As I was about to get a colectivo (minibus) to the main bus terminal in San Antonio I realised I didn't have any Venezuelan money (Doh!). I'd rustled up as many dollars as I could (apparently you can double your money on the black market with the $....some people said triple but again it’s not true) but forgot to change some. It was too early to change anywhere so using a taxi driver as a guide I got him to find me a dodgy money dealer back in Colombia (yes, we had to drive through customs again) and changed the minimum needed ($1 got me 4,500 Bolivars).

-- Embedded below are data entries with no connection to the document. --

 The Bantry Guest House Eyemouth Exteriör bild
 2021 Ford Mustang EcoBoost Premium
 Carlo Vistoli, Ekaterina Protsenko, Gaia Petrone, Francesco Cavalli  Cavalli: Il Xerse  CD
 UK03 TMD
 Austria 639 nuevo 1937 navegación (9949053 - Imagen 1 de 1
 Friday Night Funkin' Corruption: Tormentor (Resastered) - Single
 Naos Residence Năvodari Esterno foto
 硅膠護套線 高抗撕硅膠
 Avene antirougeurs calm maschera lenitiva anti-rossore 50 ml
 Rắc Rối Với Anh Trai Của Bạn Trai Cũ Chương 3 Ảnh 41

And so after getting my money sorted out and catching a bus from San Antonio to San Cristobal I leave Colombia with great, great sadness. I have to admit there was a tear drop or two in my eyes as I left (for the second time). Colombia really is a special place for me and also for all other travellers I've met here and if it wasn't for my natural instinct to carry on travelling (there may be somewhere even better waiting for me) I could quite easily stay for a few more months...maybe more.
Everything Colombia is famous for (the good parts) is true. There is so much to see here, the people are genuinely friendly and will bend over backwards to help you, the girls are staggeringly gorgeous and fun, the transport system works and most things are relatively cheap and there aren't that many tourists here (not yet anyway). Forget the dangers, I felt safe pretty much everywhere (there is such a big military presence everywhere). Using common sense and heeding local advice is important though. It may change in 5 to 10 years as the tourism industry is really growing here now and then it may be packed with American tourists...we'll see. Colombia is officially my top country in world (so far). One thing is for sure and quoting from the great actor, governor, poet and lyricist Arnold Schwarzenegger..."I'll be back!".

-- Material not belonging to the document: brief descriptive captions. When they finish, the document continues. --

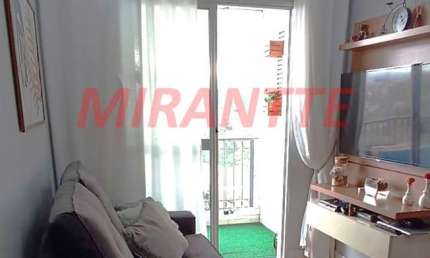Apartamento de 55m² com 3 quartos em Vila Nova Cachoeirinha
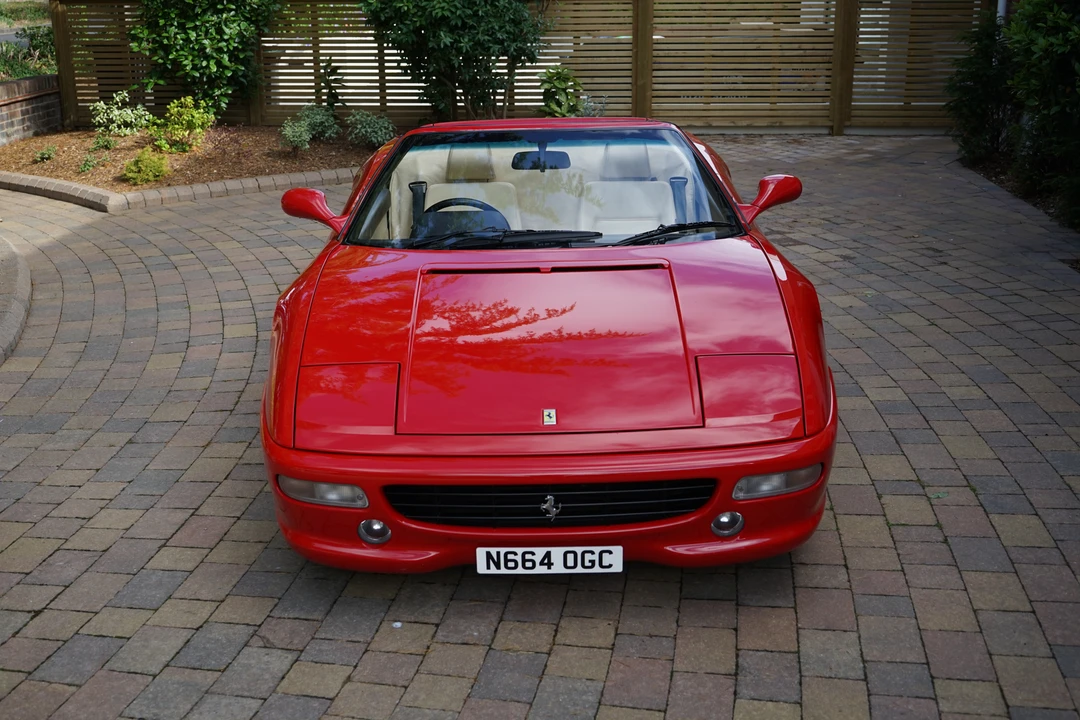 1996 Ferrari F355 Spider - Image 8 of 31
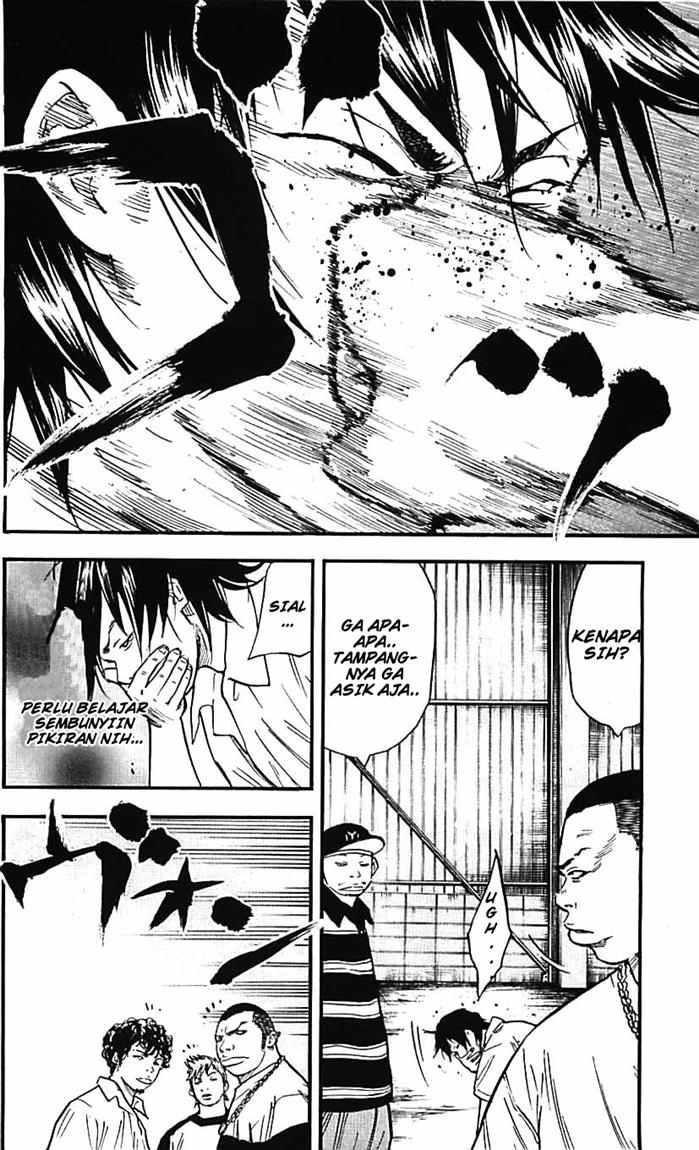 Clover (Tetshuhiro Hirakawa)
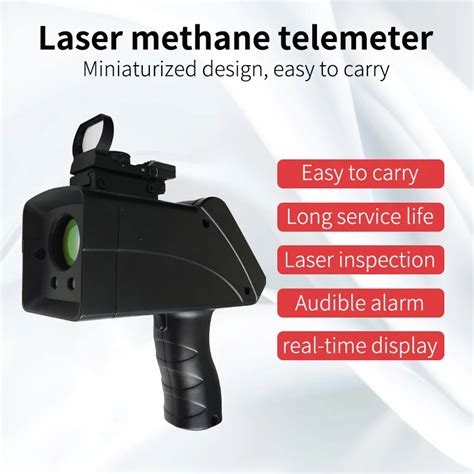 Image result for Laser Sensor Methane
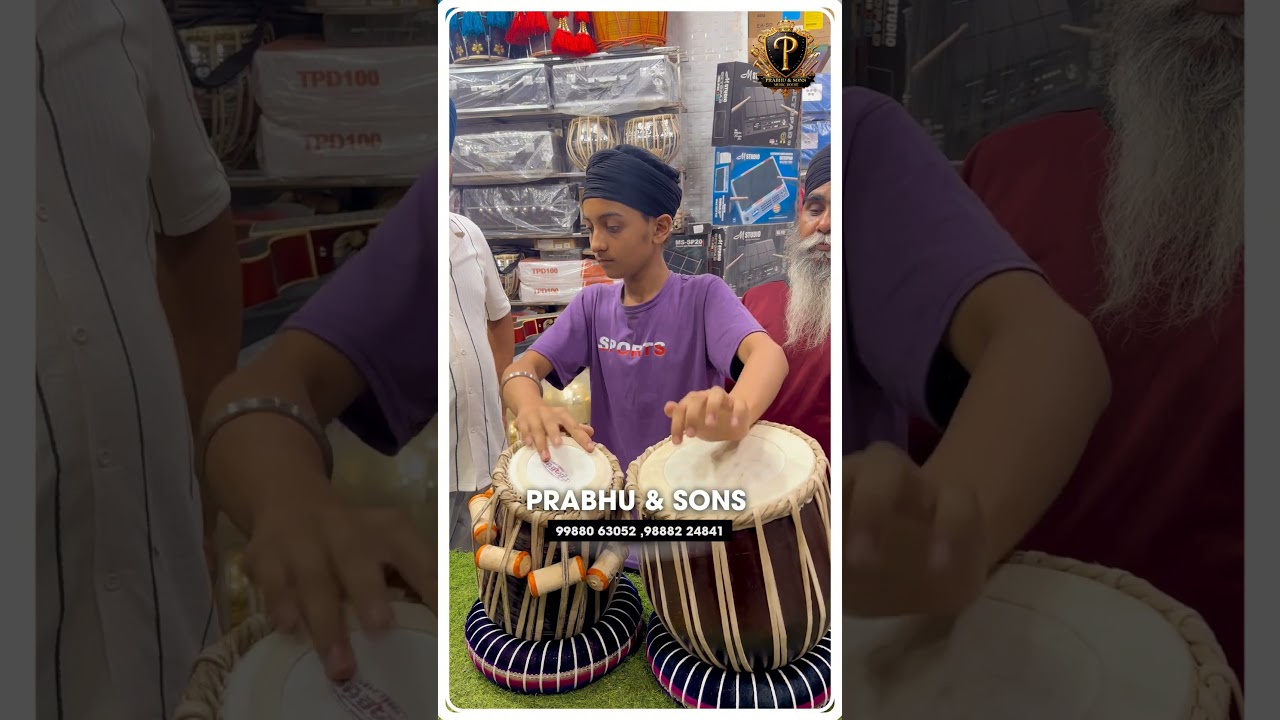 Mira Tusi v eh unique Tabla try karna chaunde ho? #tabla en YouTube Mira Tusi v eh unique Tabla try karna chaunde ho? #tabla en YouTube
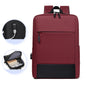 Large-capacity Travel Business Waterproof Laptop Backpack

This last week has been pretty full on with partying and bus journeys so bought myself some DVD's (American Gangster (great film by the way) and 28 Weeks Later (sadly, not so great)..$2 for both) and checked into the hotel Rio near bus terminal for an afternoon and evening of catching up on sleep and relaxing so I’m be fresh for another longish bus journey to Merida tomorrow.
Jan 8th - San Cristobal to Merida
Woke up refreshed and raring to go. After 30 minutes of walking aimlessly around the royal dump that is San Cristobal bus terminal (most of my time was spent trying to avoid the fake blind and crippled beggars that roam these parts) looking for a bus to Merida I finally got myself a seat on the right bus (really hope Venezuelan bus terminals aren't all like this..Colombia's bus service is so organised and user friendly (sigh).

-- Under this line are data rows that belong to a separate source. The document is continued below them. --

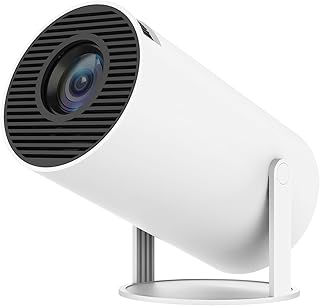 YUSASHOP HY300 Portable LCD Projector Smart Android…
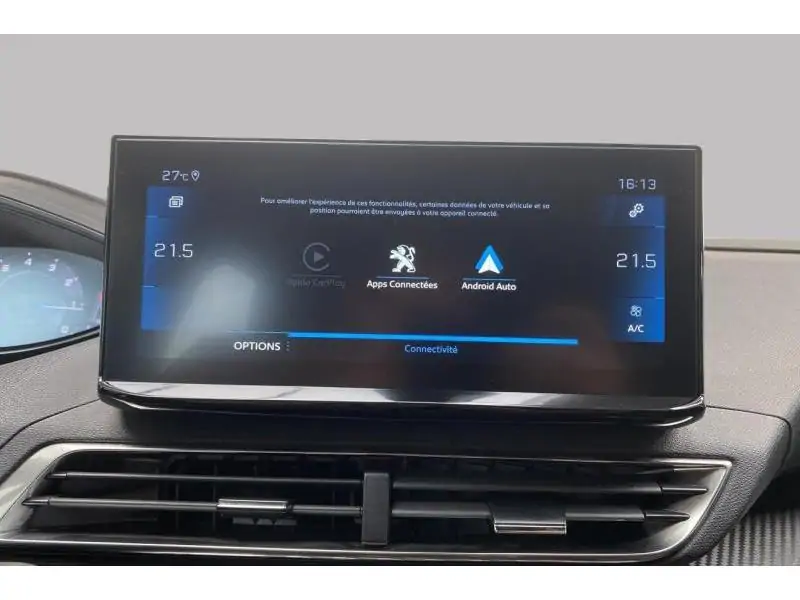Occasion Peugeot 3008 Allure Pack BLUE 28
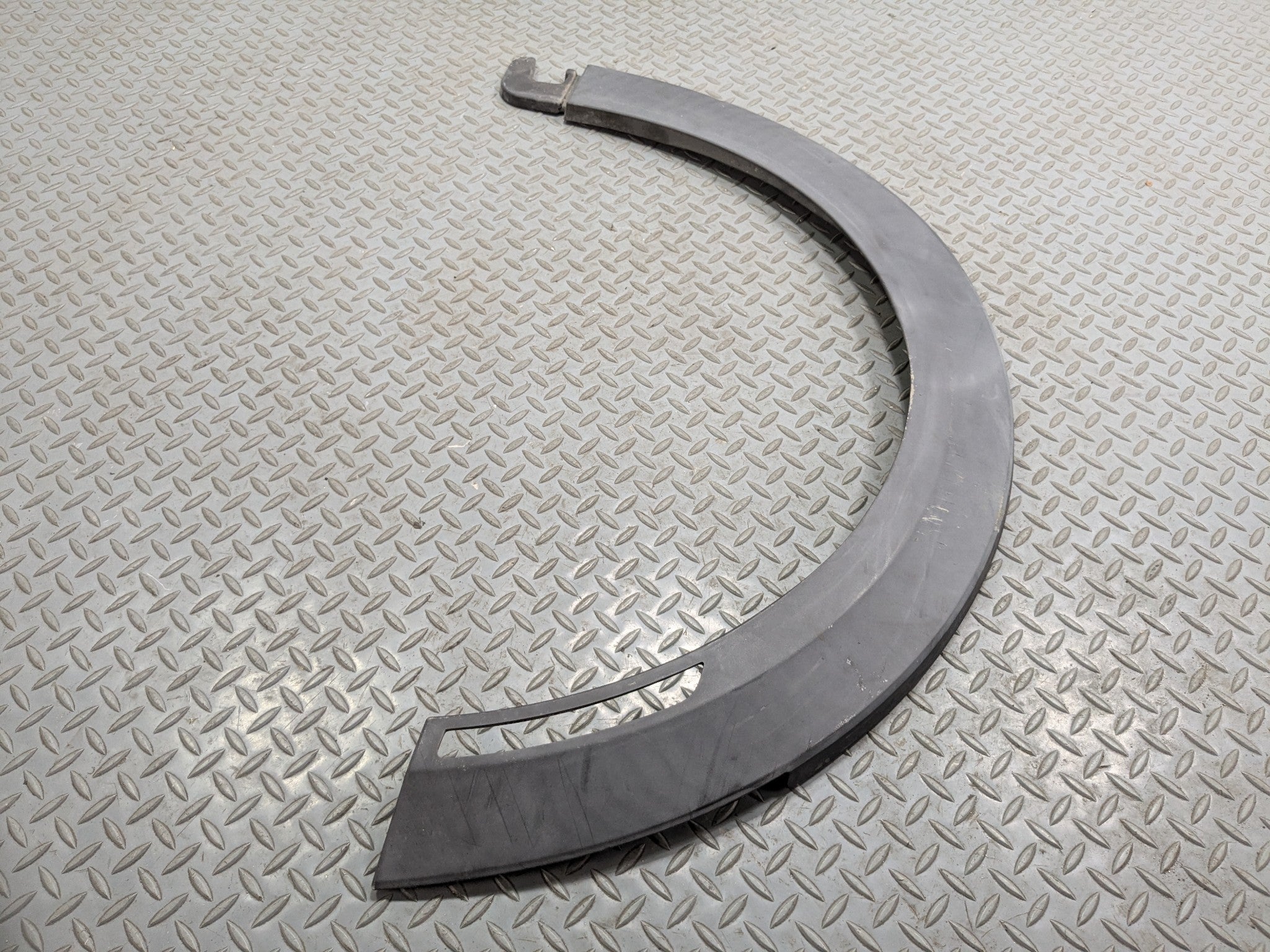 13 - 17 MINI COOPER OEM FENDER WHEEL ARCH FLARE MOLDING RIGHT PASSENGER FRONT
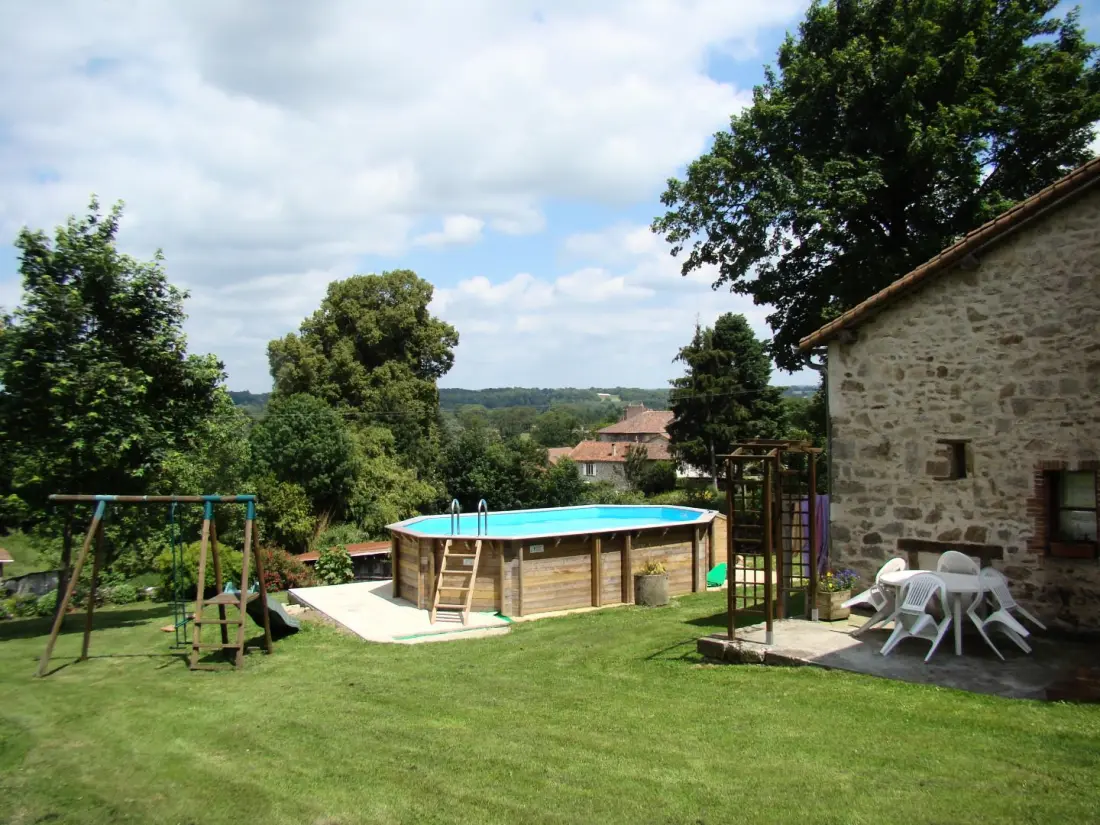Gîte de France Het dorp 2 oren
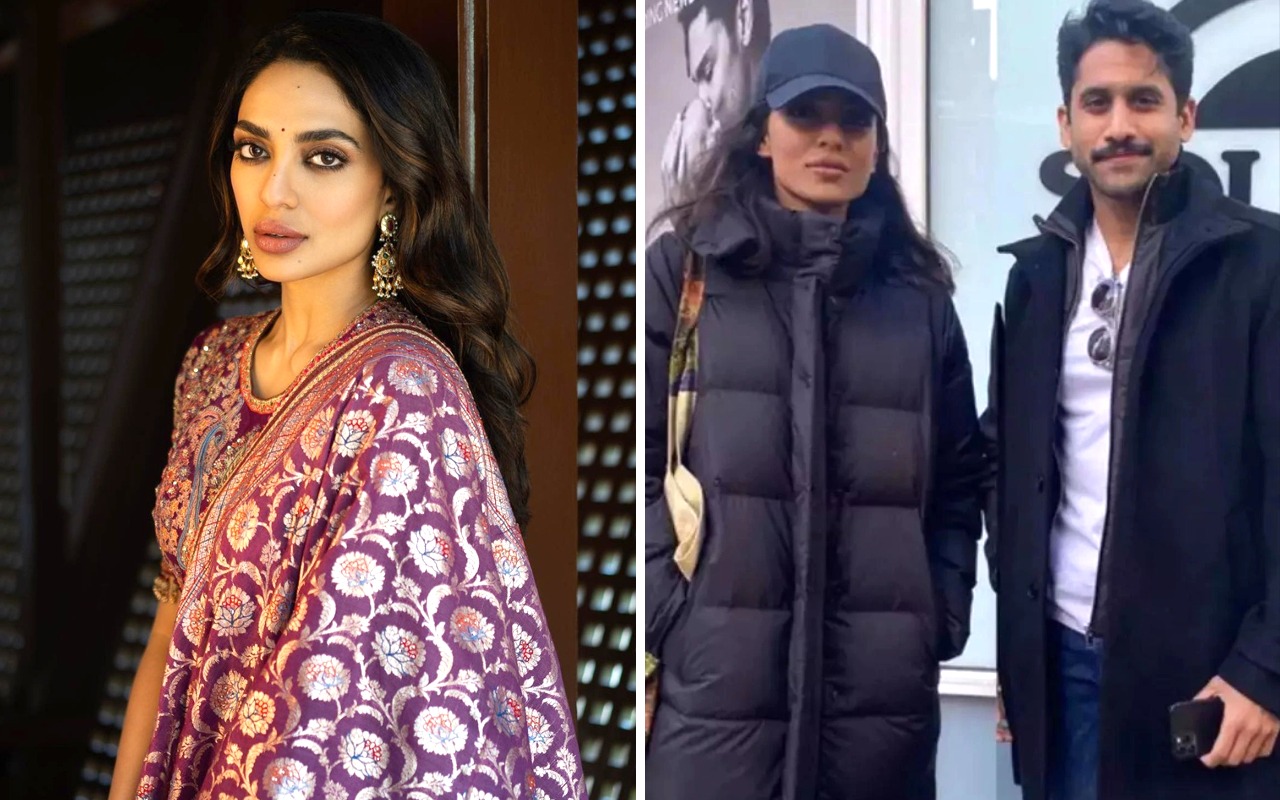 Sobhita Dhulipala reacts to dating rumours with Naga Chaitanya; says, “I am not doing anything wrong”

As predicted the bus left an hour late but we finally chugged off at 1pm (I got to the bus terminal at 11am). Everything went smoothly (apart from the driver announcing an hour into the journey that the aircon doesn't work...followed by a lot of sighs and boos from the passengers.
The bus wasn't stopped a single time and thankfully any potential strip searches for which I would have used my ace card of calling the British Embassy (wouldn't have helped anyway but it works sometimes) was thus avoided.
Arrived in Merida at night and at the time of 7pm. Caught a taxi ($2) to the town centre and following a few failed attempts at getting a hostel dorm bed I found a nugget of a hotel close to the local cable car (in fact it’s the highest cable car in the world which winds its way up into the Andes mountains) for $8 a night.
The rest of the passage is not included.